§ TASK DIRECTIONS: With the pictures omitted, repeat exactly the lines below starting with the line that has "Re-Sale - Apartment" and going on through the line that has "Nieuwbouw Woningen - detached".

§ ENTRIES SUPPLIED:
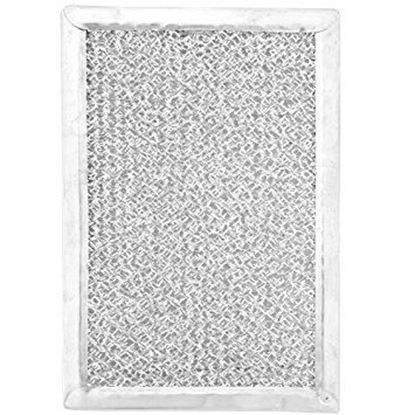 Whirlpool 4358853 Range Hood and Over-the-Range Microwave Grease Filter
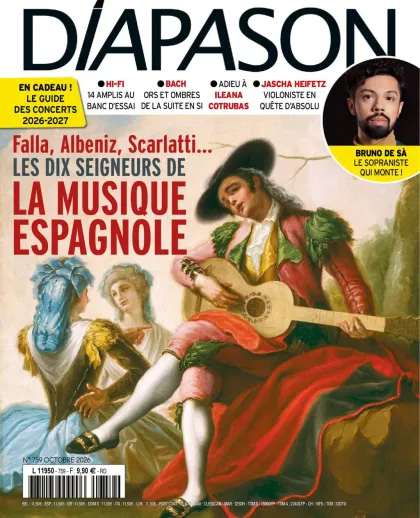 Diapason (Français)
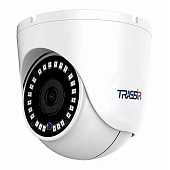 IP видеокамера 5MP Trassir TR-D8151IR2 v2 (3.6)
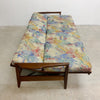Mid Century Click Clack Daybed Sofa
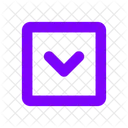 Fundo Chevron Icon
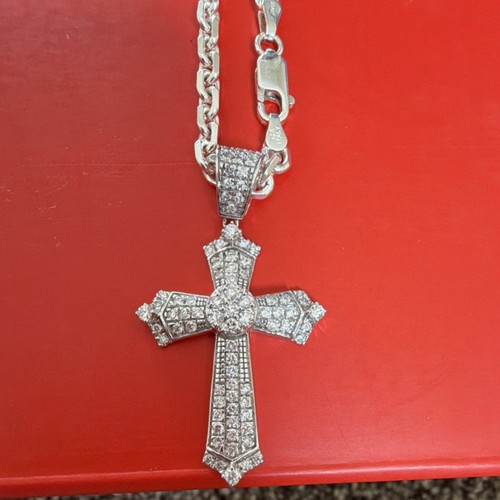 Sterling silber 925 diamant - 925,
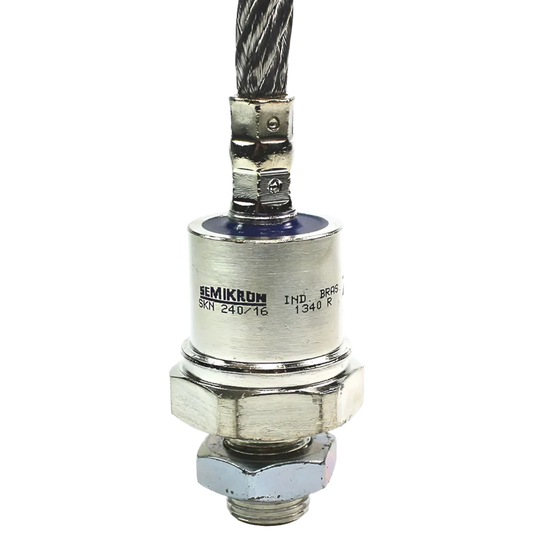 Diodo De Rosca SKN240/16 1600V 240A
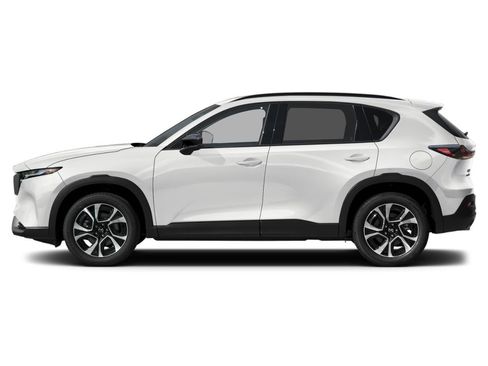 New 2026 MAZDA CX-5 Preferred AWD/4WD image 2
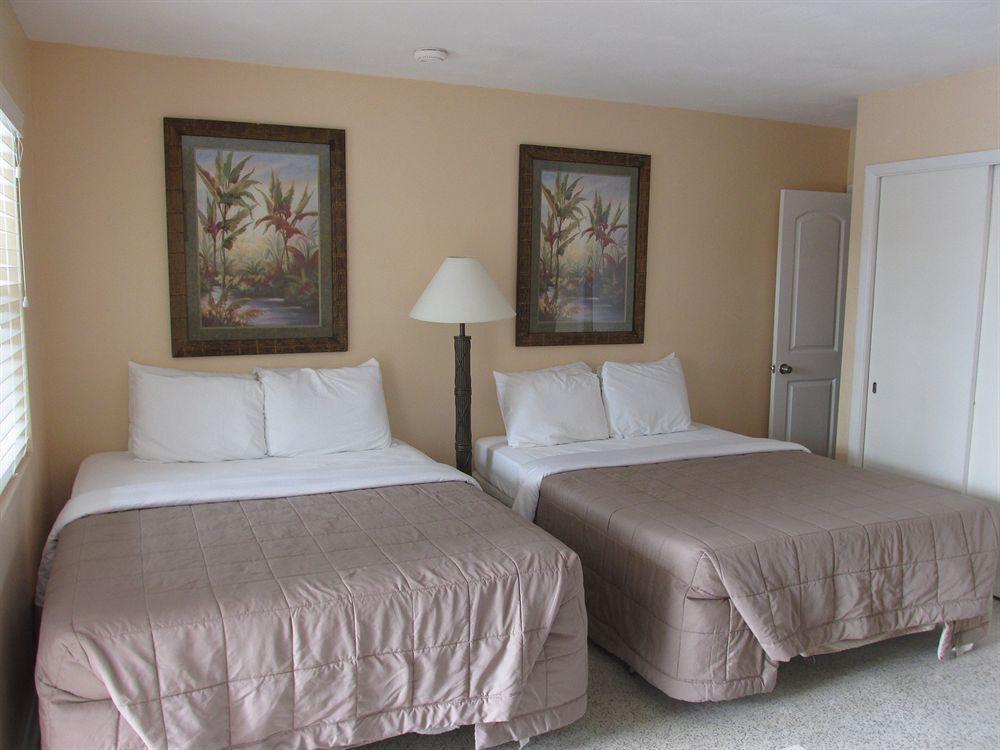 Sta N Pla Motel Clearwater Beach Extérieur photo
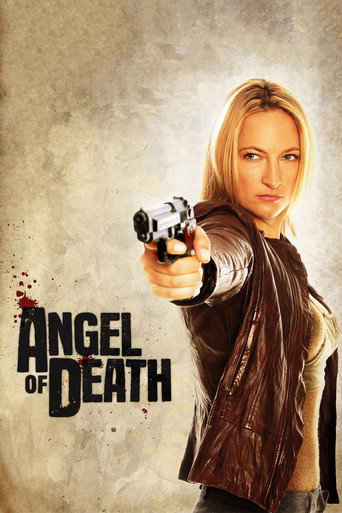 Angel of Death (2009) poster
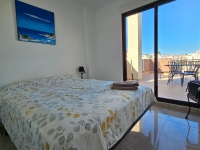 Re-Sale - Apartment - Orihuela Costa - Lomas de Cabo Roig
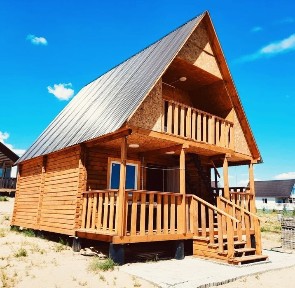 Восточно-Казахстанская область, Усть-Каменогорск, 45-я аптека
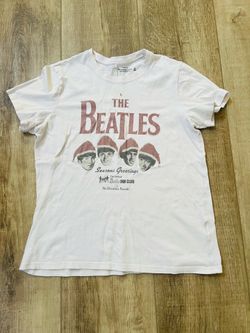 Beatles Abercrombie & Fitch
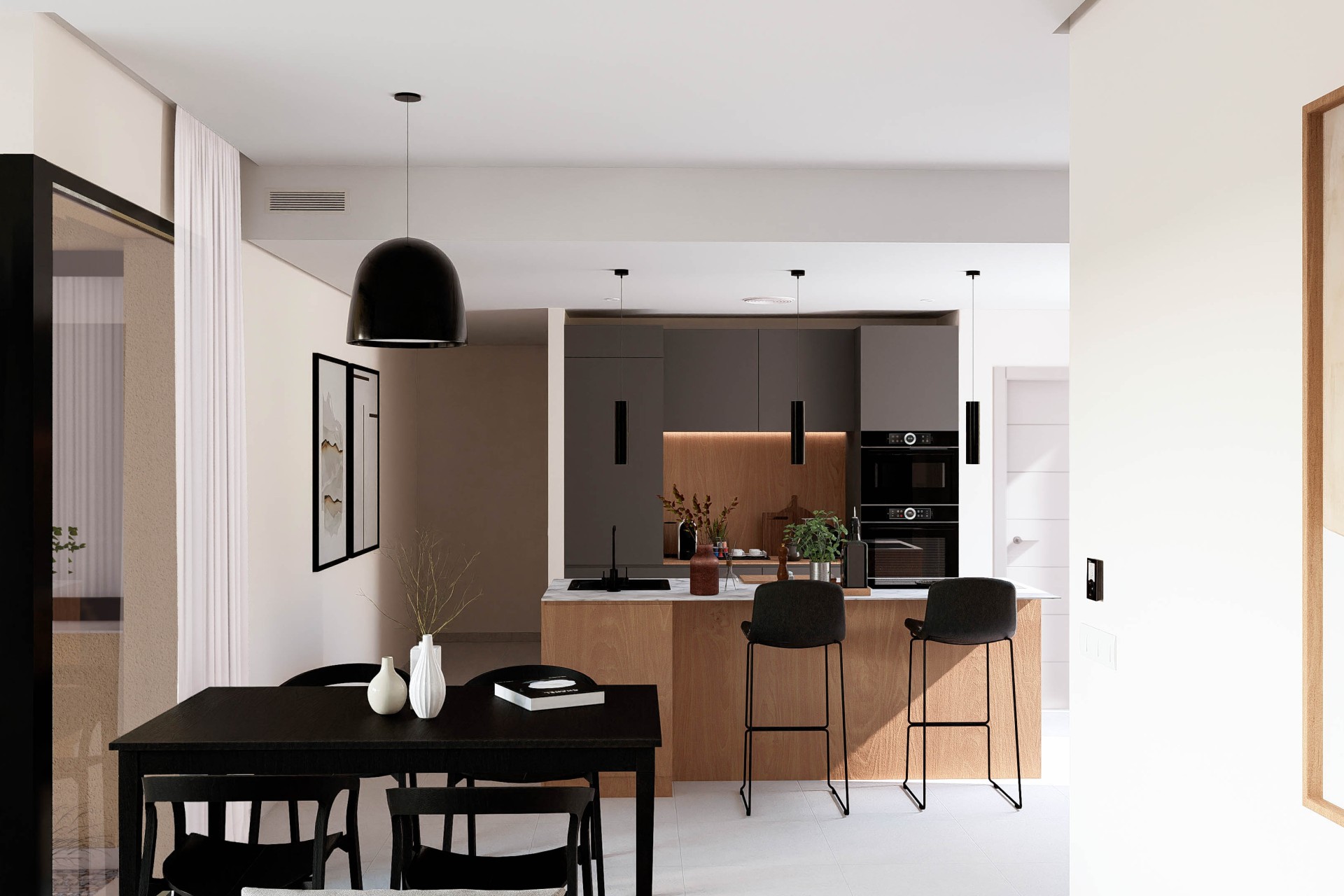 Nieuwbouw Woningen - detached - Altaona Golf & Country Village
---
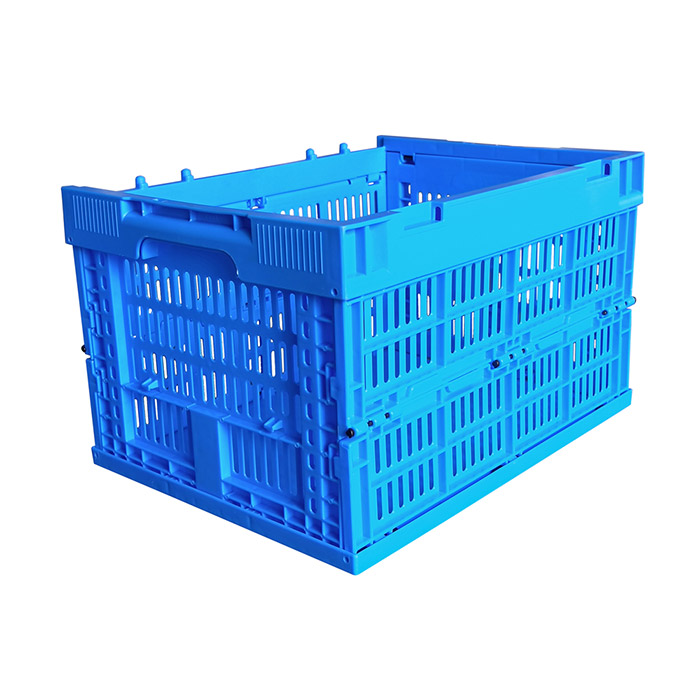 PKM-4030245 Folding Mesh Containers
---
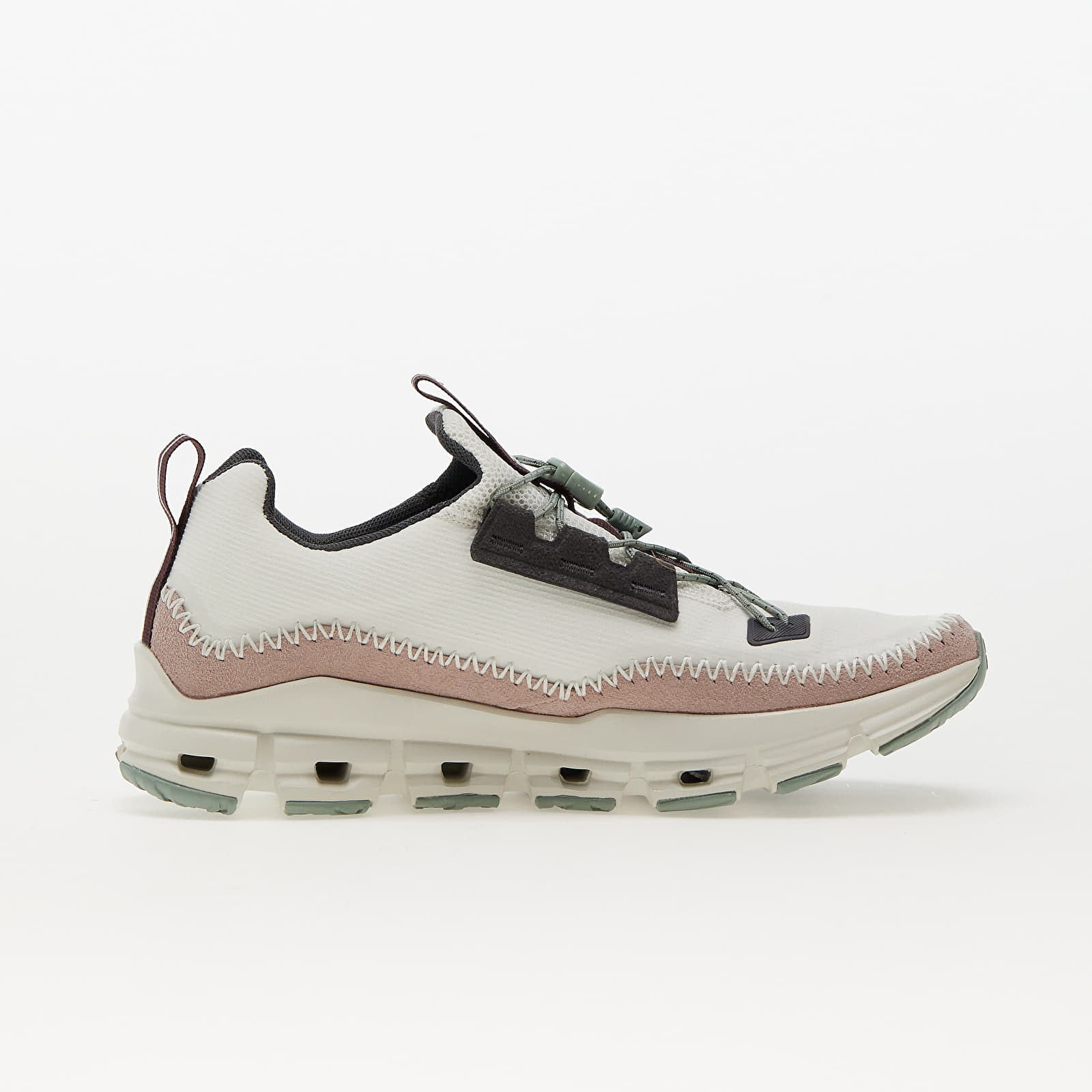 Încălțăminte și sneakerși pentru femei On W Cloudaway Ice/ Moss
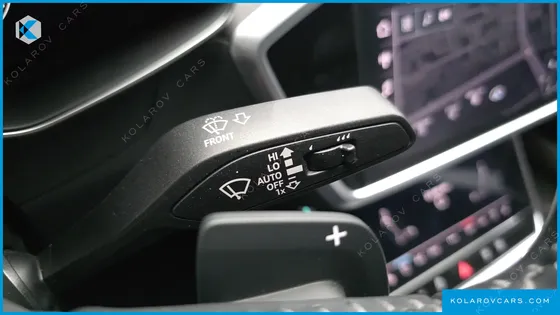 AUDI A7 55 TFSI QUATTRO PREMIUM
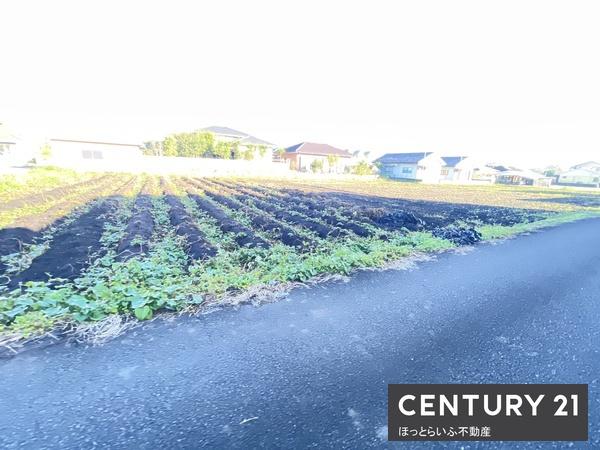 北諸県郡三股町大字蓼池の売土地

§ SOLUTION TO THIS PROBLEM:
 Re-Sale - Apartment - Orihuela Costa - Lomas de Cabo Roig
 Восточно-Казахстанская область, Усть-Каменогорск, 45-я аптека
 Beatles Abercrombie & Fitch
 Nieuwbouw Woningen - detached - Altaona Golf & Country Village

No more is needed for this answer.